Vor dem Urknall

Vor 50 Jahren begann die Popgruppe The Beatles ihre Weltkarriere an der Hamburger Reeperbahn

  • Tobias Riegel
  • Lesedauer: 5 Min.

Man kann nun lange diskutieren, wer hier kleinlich war. Die Stadt Hamburg, die für die Würdigung ihrer berühmtesten Adoptivsöhne nicht tief genug in die Tasche greifen wollte. Oder Paul McCartney, der von einer absurden Gagenforderung partout nicht abrückte. Eine Million Euro soll der Ex-Bassist der englischen Popgruppe The Beatles laut Medien verlangt haben – für einen Gastauftritt bei seinem eigenen Jubiläum. »All you need is Love«, möchte man dem Milliardär da die eigene Textzeile zurufen. Nun spielt also nicht der Pate des Pop zu Ehren des ersten Beatles-Auftritts vor 50 Jahren in Hamburg – sondern die leidlich angemessene Ersatzband »Bambi Kino«.

Ohne in Glorifizierung verfallen zu wollen: Solch gnadenlose Gehaltsverhandlungen mit der Stadt, in der man musikalisch groß wurde, will man McCartneys ehemaligem Mitstreiter John Lennon einfach nicht zutrauen. Wobei es natürlich ebenso falsch wäre, Lennon auf die Love-and-Peace-Ikone zu reduzieren, als die er 1980 vom schrecklich banalen »Catcher in the Rye«-Fan Mark Chapman in New York erschossen wurde.

Vor 50 Jahren, in der Hamburger Musik-Kaschemme »Indra«, begann die größte aller Karrieren der Popgeschichte, hatte eine gerade The Beatles benannte Kombo ihren ersten Auftritt. Und auf den kleinen Bühnen und in den schäbigen Absteigen an der Großen Freiheit der Hansestadt war Lennons Rolle noch eine andere als die des späteren Hippie-Großmeisters. Hier war er der großmäulige und nicht gerade pazifistische Rabauke – auch wenn sich sein intelligenter zynischer Humor schon damals bemerkbar machte.

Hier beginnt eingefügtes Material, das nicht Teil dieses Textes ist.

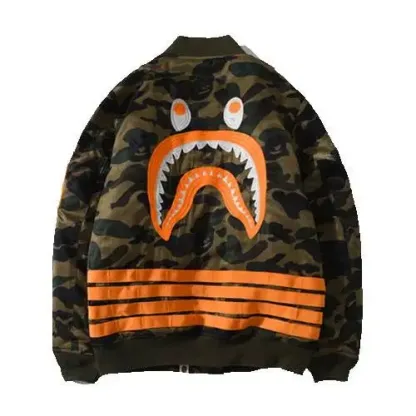  x Porter 1st Camo Jacket-OSI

Diese Zeit auf der Reeperbahn, die raue, schmutzige und schweißtreibende Rock-Routine, bildete die Basis, auf der die späteren Kompositionsgenies und Soundtüftler Lennon und McCartney aufbauen konnten. Hier wurden sie durch Auftritte im Akkord, Elend und gemeinsame Sex- und Drogen-Erlebnisse zur Band geschmiedet. Hier schufen sie die handwerkliche Basis für das, was mit der LP »Sgt. Peppers« gekrönt und mit dem letzten Album »Abbey Road« angemessen beendet wurde. Hier wurde der Urknall des Pop vorbereitet.

Zwischen Reeperbahn und Popolymp lagen aber nicht nur Welttourneen, revolutionäre Studioaufnahmen und Stil prägende Frisuren. Parallel zum Beatlesaufstieg wurden die Kennedys und Martin Luther King ermordet, wurde der Vietnamkrieg eskaliert, die sexuelle und psychedelische Revolution angezettelt, folgte einer heftigen Politisierung eine ebenso radikale Abkehr ins Private, Alternative und Esoterische. Die Beatles erlebten und begleiteten all dies, sie schrieben den Soundtrack zu einem der schrillsten Jahrzehnte der Neuzeit, das sie gleichsam mitprägten.

Obwohl sie bereits zu Beginn subversiver waren, als sie heute oft betrachtet werden: Das Bild der vorgeblich unschuldigen, von Manager Brian Epstein mit Anzügen versorgten Musterknaben von 1962 spiegelt den damaligen optimistischen Zeitgeist gut wieder. Noch besser symbolisieren die vier abgekämpften Hippie-Individualisten, die 1970 den Zebrastreifen der Abbey-Road überqueren, die in der Band wie auch gesellschaftlich mittlerweile vollzogene Desillusionierung und Vereinzelung.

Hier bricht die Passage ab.